Hubbard Radio’s “The Gamut” WWFD Frederick, MD (820) has become a real-world laboratory for digital radio. It became the first AM station to go all-digital two years ago and then late last year it moved to begin testing multichannel broadcasting for digital AM. Now Hubbard has asked the Federal Communications Commission to extend its experimental authorization, permitting WWFD to conduct more testing of all-digital AM – even as an Indiana station is also becoming a radio laboratory.
“WWFD’s all-digital experiments over the past two years have sparked widespread positive interest in the radio industry,” said Hubbard in a request filed with the FCC this week. Based in part on the “groundbreaking” engineering experiments that have been conducted at the station, Hubbard said other broadcasters have sought the ability to also power down their analog signals and offer only a digital on-air product.
Xperi, which licenses HD Radio technology to broadcasters, still has plenty of things that it wants to use WWFD as a real-world laboratory for in order to improve digital radio. The company told the FCC that it would like to continue using the station to expand the testing of an HD2 multicast audio service for AM stations, the addition of different data services, testing new emergency alert services, and examining the performance of digital radio versus analog radio in a variety of all-electric vehicles. Xperi also has several engineering tweaks on its list of projects, including testing different audio bitrate sizes and audio formats, reducing the power level of the unmodulated pilot carrier level, and various moves to help improve building penetration.

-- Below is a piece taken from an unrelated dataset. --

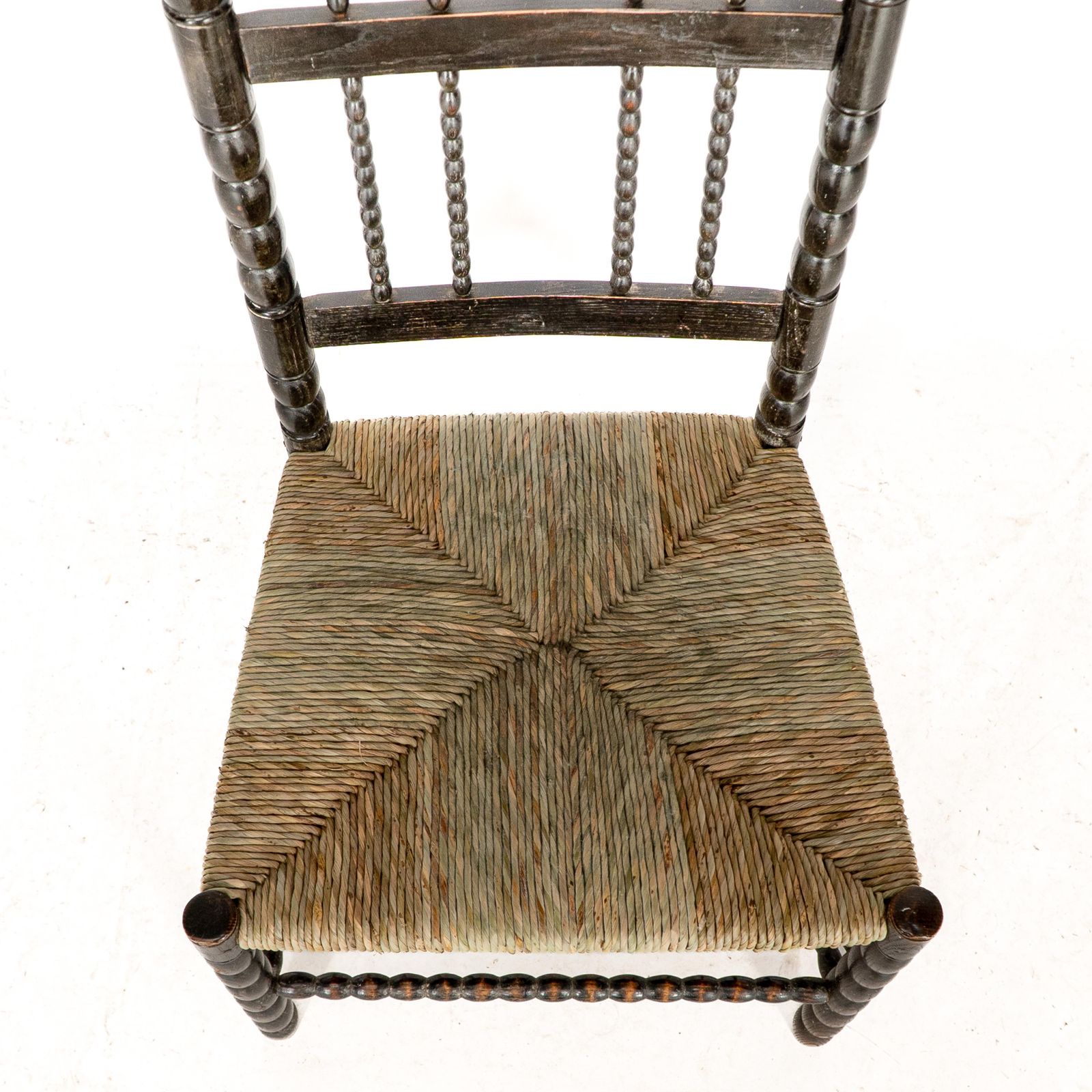 photo for sale Ernest Gimson. A Rare Cotswold School Ebonised Bobbin Turned Rush Seat Low Chair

Hubbard said that if its experimental authorization is extended for another year, it plans to continue testing various digital radio equipment, methods, and techniques, and conduct signal coverage assessments as it works with the National Association of Broadcasters’ PILOT program, Xperi, Kintronic Laboratories, and the engineering firm Cavell, Mertz & Associates.

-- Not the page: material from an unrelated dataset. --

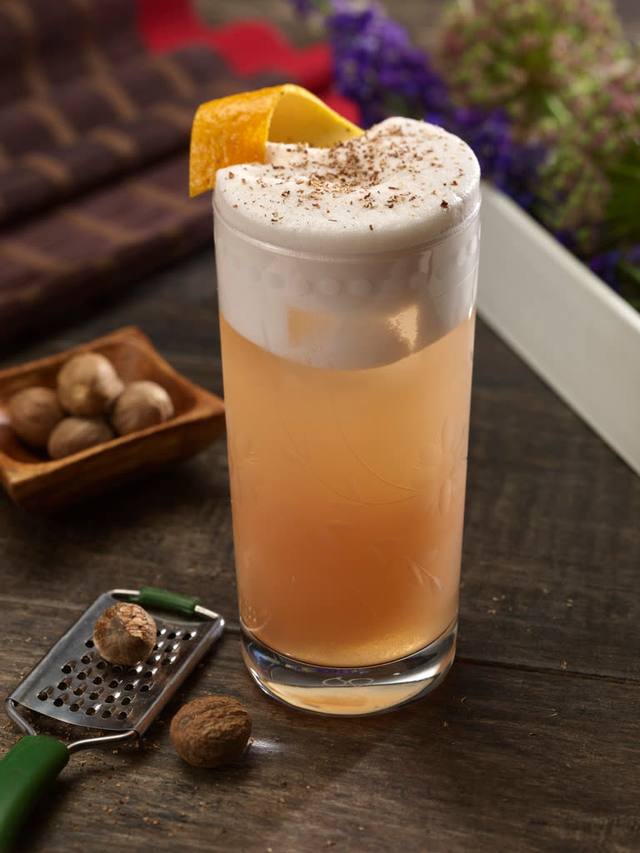 Etched highball of a creamy flip topped with freshly grated nutmeg and lemon peel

WWFD has been operating as a digital-only AM station since July 2018 under experimental authority granted by the FCC. The blow to analog listeners has been softened by the continued simulcast of the AM on the Frederick, MD-licensed translator W232DG at 94.3 FM. Hubbard said if it is granted more testing time it plans to continue providing that simulcast so listeners without a digital radio can hear “The Gamut” programming. Yet through the continued testing, Hubbard said that WWFD would also help assess the “increasing potential” for the public to receive all digital AM transmissions with commercially available receivers already in use.
New Digital AM Test In Indy
Even as Hubbard Radio looks to keep its Maryland test of digital radio up and running for another year, the FCC has approved another test. The Media Bureau has green-lighted a request filed by Urban One gospel “AM 1310 The Light” WTLC Indianapolis to turn off its analog station and offer engineers another real-world site to determine the feasibility of all-digital AM, along with emerging multicast channel programming for digital AMs.

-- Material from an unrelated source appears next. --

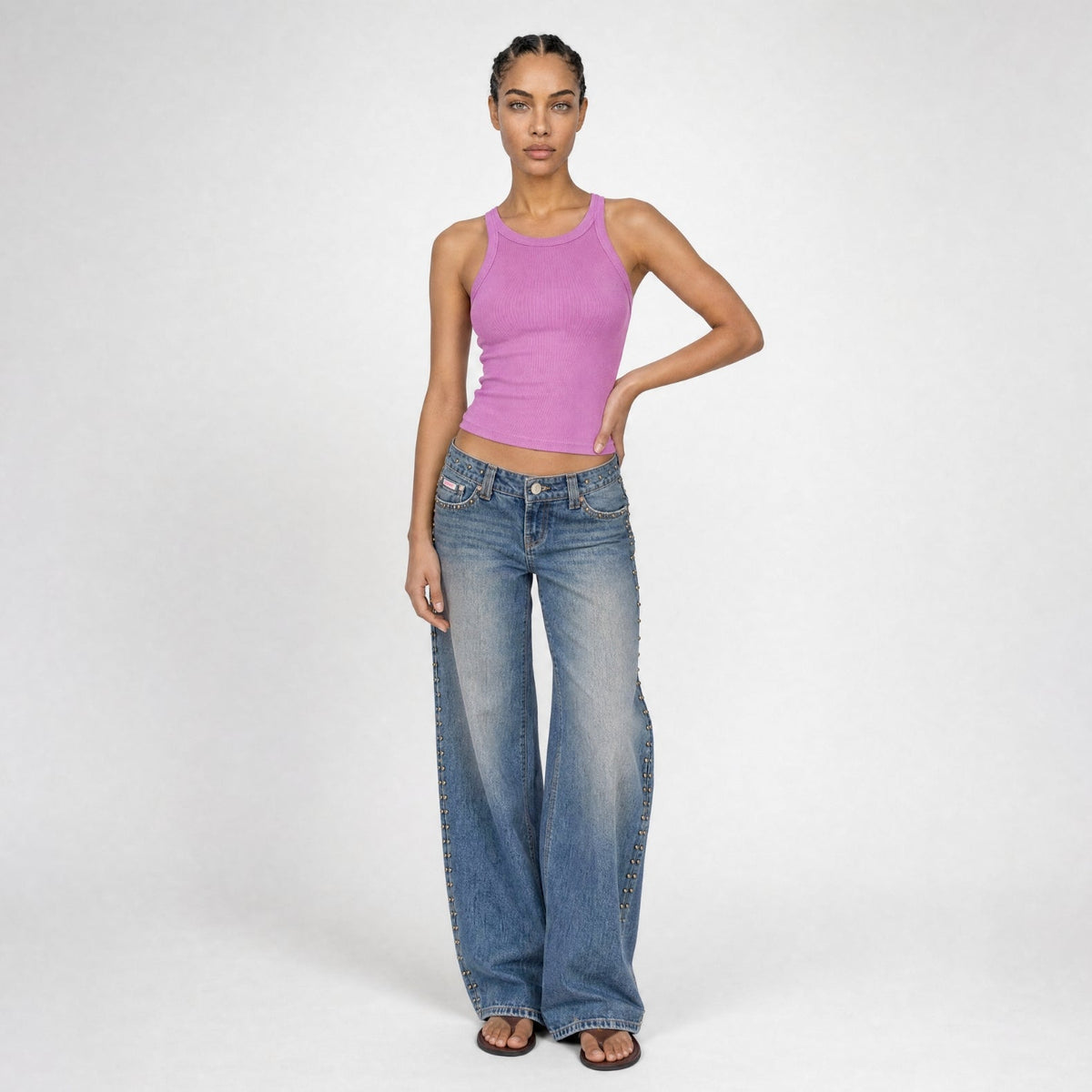 A model wearing a purple tank top with mid indigo denim wash Bubblegum jeans posing in front of a white background.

Audio Division Senior Deputy Chief James Bradshaw said in the decision that the test “is not likely to cause interference to any other station” and that “the public interest would be served by the knowledge gained through further testing” of digital radio. There was one small catch. “At this point, we are not authorizing the rebroadcast of the (second) multicast channel on an FM translator station,” Bradshaw said.
Urban One’s “The Light” format will not go dark for listeners who only have an analog receiver. That’s because the station is also relayed on a pair of FM translators – the Indianapolis-licensed W224DI at 92.7 FM and the Frankfort, IN-licensed W236CR at 95.1 FM. Urban One says W224DI puts a 60dBu signal over 78% of the market’s population and W236CR covers 69%, meaning the risk of losing listeners is low for the company.
Meanwhile, another request for an all-digital AM remains pending. Fort Wayne, IN owner Brian Walsh has petitioned the FCC in May to allow him to power down his analog transmitter and operate WIOE (1450) using only a digital signal for the next year. Like most of the other test sites, WIOE has a translator –the Ft. Wayne-licensed W282CH at 104.3 FM – which would keep the station on the analog dial if the plan is approved.
Nine all-digital AM tests were previously conducted between 2012 and 2014, spanning a variety of station types and geographic locations prior to the WWFD test. Based on what have so far been positive reviews from many broadcasters, primarily those operating in smaller markets, the Commission voted last November to open a formal rulemaking (MB Docket No. 19-311) on the all-digital AM proposal. The idea has the backing of the National Association of Broadcasters. But some of the largest radio groups have said digital receiver penetration remains too low and it could further hurt AM’s long-term future with consumers and carmakers.
Xperi said more than 70 million digital receivers have shipped since the first units became available in 2005. The vast majority – 60.9 million – are installed in vehicles. Xperi also reported that as of Feb. 1 there are more than 2,500 digital radio stations nationwide, with fewer than 250 AM stations operating in hybrid mode.